One way CBD may help with sleep is by easing anxiety. In a study in the January issue of The Permanente Journal, published by the Kaiser-Permanente health insurance company, Colorado researchers looked at the health records of 72 patients who were treated with CBD for either anxiety or poor sleep.
During the three-month study, anxiety levels did decline, even in people whose main complaint was poor sleep. For those with sleep problems, the results weren’t as clear cut, though people did report some improvement in the first month.
CBD may work better for anxiety than sleep. There’s more evidence for CBD’s ability to ease your anxiety than to help you fall asleep, though helping you relax could help you sleep, too.

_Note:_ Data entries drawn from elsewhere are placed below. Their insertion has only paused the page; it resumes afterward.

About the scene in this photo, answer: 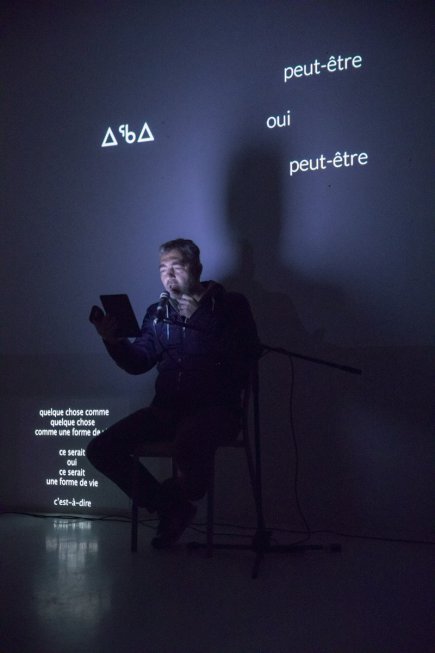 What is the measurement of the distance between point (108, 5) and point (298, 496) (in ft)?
9.41

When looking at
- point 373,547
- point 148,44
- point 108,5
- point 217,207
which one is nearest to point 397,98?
point 217,207

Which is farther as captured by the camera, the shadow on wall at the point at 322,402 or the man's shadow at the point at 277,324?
the man's shadow at the point at 277,324

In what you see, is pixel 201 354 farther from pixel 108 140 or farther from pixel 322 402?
pixel 108 140

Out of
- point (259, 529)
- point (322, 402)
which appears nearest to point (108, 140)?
point (322, 402)

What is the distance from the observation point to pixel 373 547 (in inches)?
108

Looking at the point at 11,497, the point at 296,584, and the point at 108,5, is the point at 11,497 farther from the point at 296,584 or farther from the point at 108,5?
the point at 108,5

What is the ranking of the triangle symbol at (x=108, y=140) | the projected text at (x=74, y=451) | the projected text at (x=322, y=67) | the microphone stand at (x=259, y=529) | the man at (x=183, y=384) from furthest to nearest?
1. the triangle symbol at (x=108, y=140)
2. the projected text at (x=74, y=451)
3. the projected text at (x=322, y=67)
4. the man at (x=183, y=384)
5. the microphone stand at (x=259, y=529)

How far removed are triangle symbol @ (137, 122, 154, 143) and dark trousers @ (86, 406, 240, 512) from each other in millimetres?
1544

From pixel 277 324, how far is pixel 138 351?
75 cm

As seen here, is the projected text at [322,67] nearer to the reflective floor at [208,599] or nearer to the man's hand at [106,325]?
the man's hand at [106,325]

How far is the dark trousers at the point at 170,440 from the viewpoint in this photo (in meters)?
2.49

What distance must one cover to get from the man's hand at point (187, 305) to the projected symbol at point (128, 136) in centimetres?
109

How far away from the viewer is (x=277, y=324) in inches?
125

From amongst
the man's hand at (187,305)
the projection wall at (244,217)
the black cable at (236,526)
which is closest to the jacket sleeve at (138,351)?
the man's hand at (187,305) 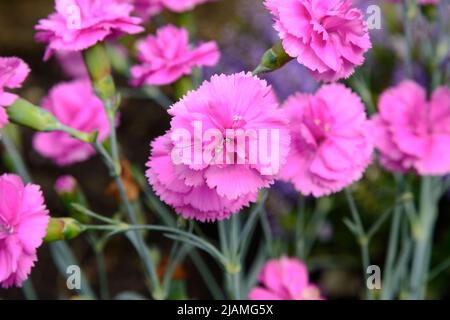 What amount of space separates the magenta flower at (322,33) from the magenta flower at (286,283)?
0.28m

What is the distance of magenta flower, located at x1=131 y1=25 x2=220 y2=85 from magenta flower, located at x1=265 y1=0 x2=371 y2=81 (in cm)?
13

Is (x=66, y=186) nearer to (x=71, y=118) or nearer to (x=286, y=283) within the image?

Short-term use might be best. CBD’s ability to improve sleep may diminish the longer you use it, so you may not want to use it daily or long-term.
Higher doses could work better. There’s not much research on dosing, but what there is suggests low doses might not be very effective. A 2004 study found that low doses (15 mg in this case) didn’t help people fall asleep and might actually have made people more wakeful. And an even earlier study found that a relatively large dose—160 mg—worked better than a lower one. In Shannon’s study, patients were given a 25 mg dose.